[Collected data entries]
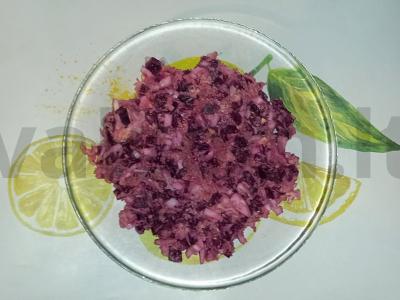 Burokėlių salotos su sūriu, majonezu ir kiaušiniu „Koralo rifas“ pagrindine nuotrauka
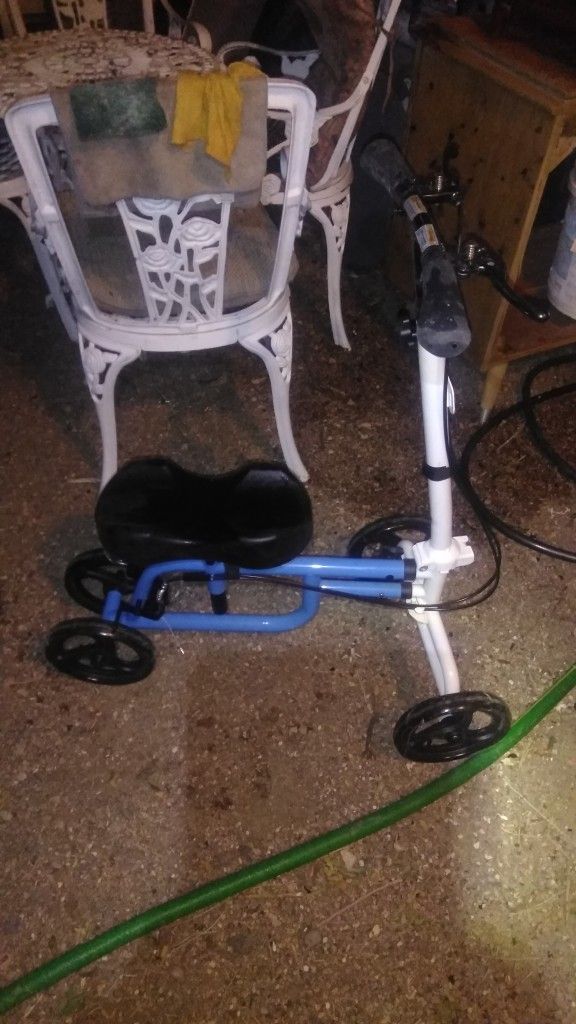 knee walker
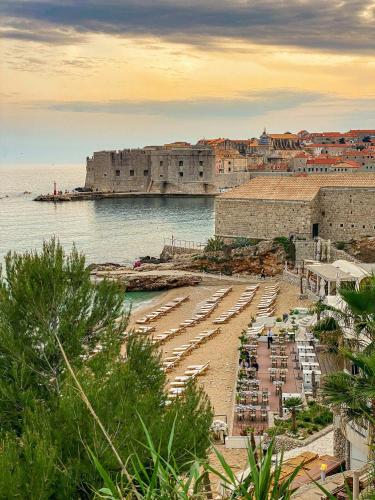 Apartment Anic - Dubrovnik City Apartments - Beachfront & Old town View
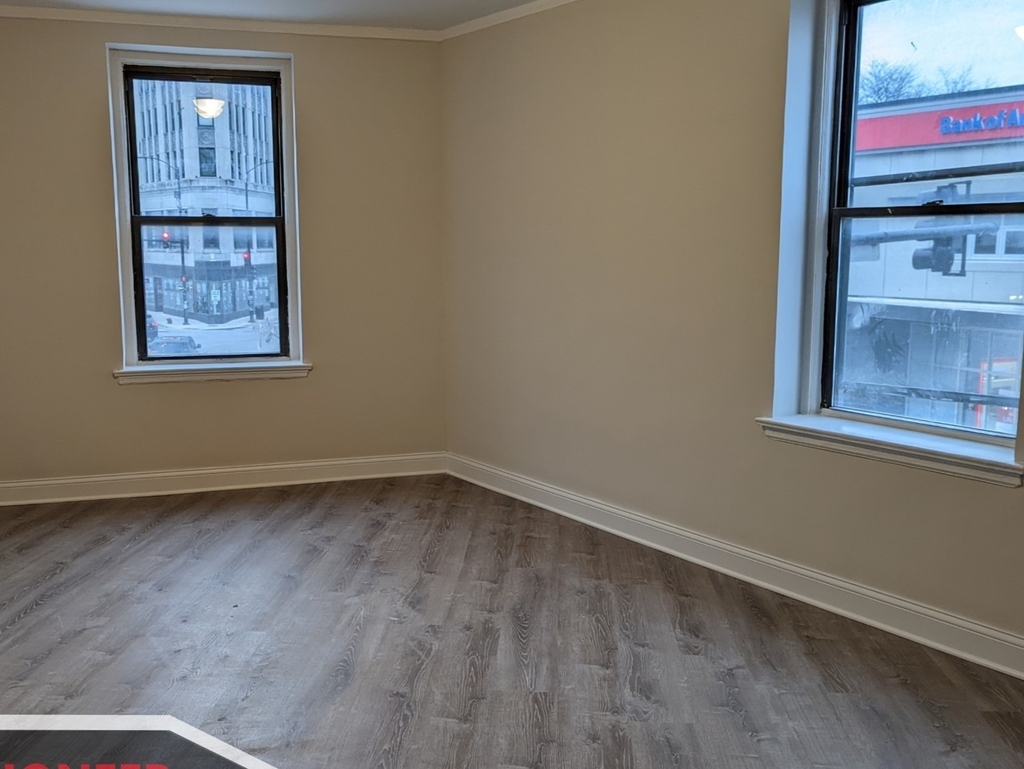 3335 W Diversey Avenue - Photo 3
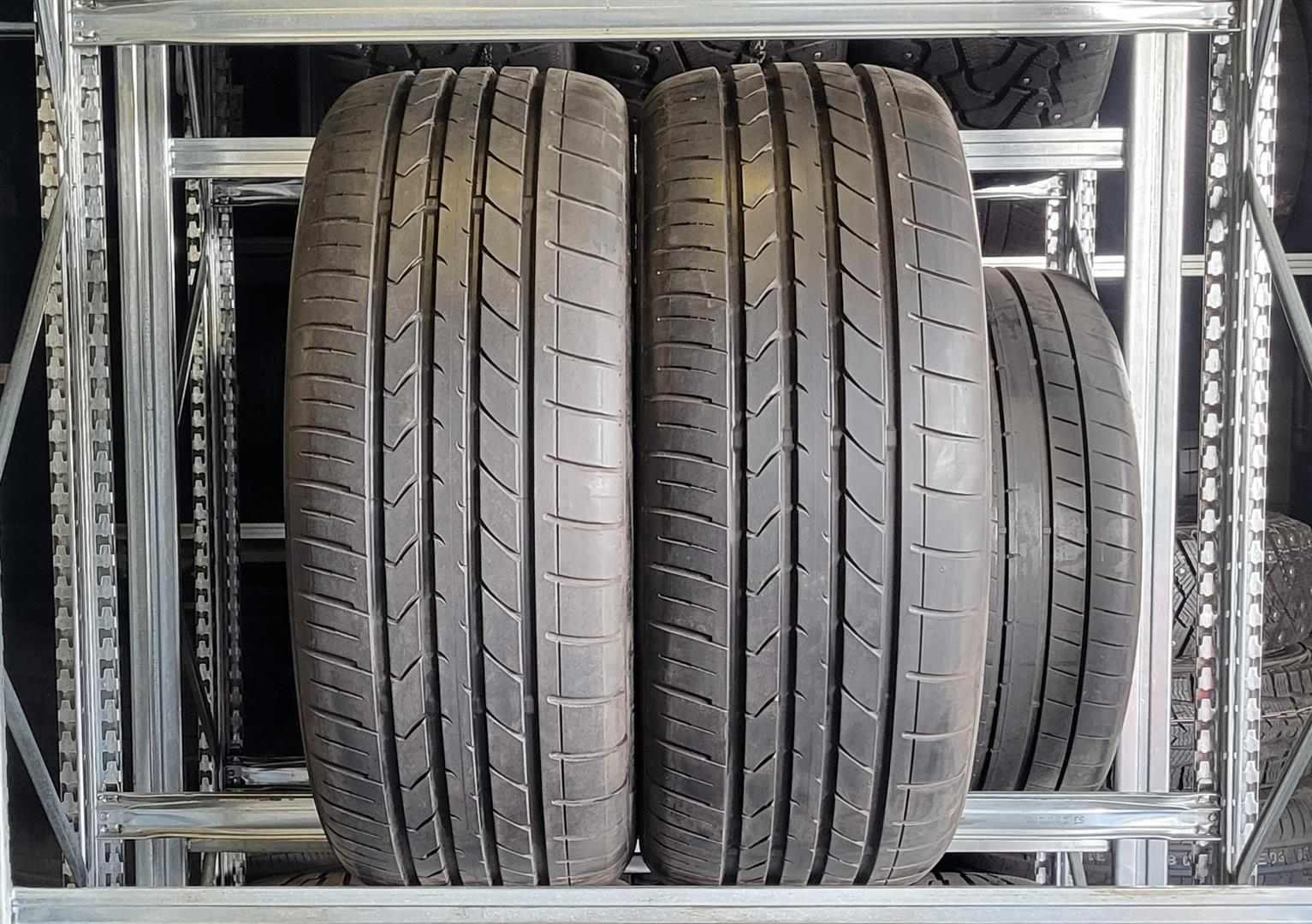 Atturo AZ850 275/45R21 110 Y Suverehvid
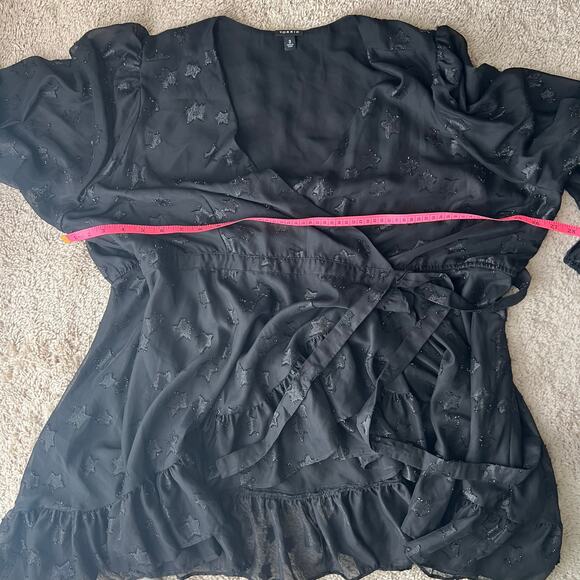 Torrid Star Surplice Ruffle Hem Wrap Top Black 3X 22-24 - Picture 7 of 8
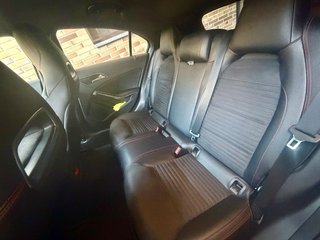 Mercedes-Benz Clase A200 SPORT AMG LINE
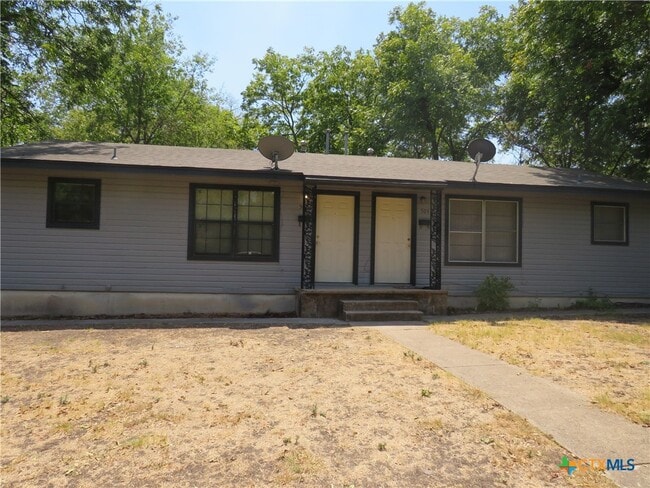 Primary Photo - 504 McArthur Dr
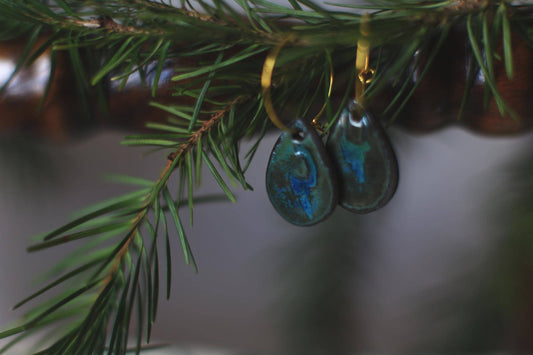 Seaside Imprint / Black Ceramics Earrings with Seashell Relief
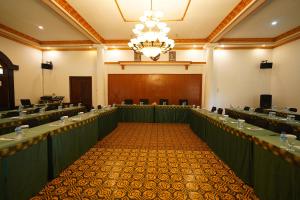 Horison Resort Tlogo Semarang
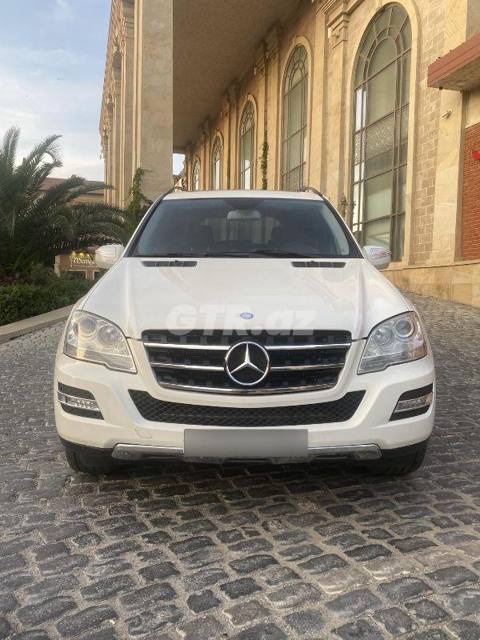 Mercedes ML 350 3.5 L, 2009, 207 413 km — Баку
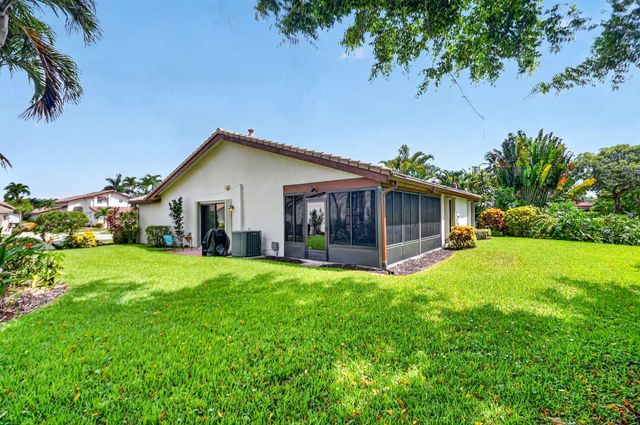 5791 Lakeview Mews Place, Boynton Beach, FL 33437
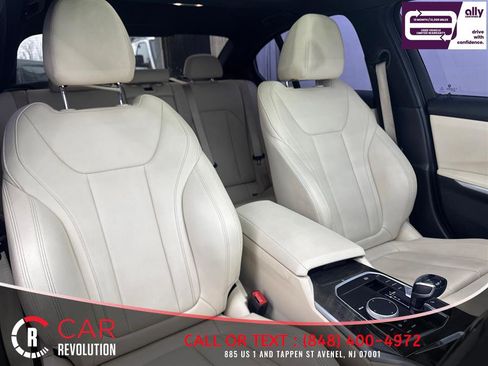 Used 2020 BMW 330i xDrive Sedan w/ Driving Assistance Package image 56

__PROBLEM DESCRIPTION__: Repeat only the lines from the one holding "3335 W Diversey Avenue - Photo 3" through the last line of the data, inclusive. Keep the pictures out.

__RESULT OF THE TASK__:
 3335 W Diversey Avenue - Photo 3
 Atturo AZ850 275/45R21 110 Y Suverehvid
 Torrid Star Surplice Ruffle Hem Wrap Top Black 3X 22-24 - Picture 7 of 8
 Mercedes-Benz Clase A200 SPORT AMG LINE
 Primary Photo - 504 McArthur Dr
 Seaside Imprint / Black Ceramics Earrings with Seashell Relief
 Horison Resort Tlogo Semarang
 Mercedes ML 350 3.5 L, 2009, 207 413 km — Баку
 5791 Lakeview Mews Place, Boynton Beach, FL 33437
 Used 2020 BMW 330i xDrive Sedan w/ Driving Assistance Package image 56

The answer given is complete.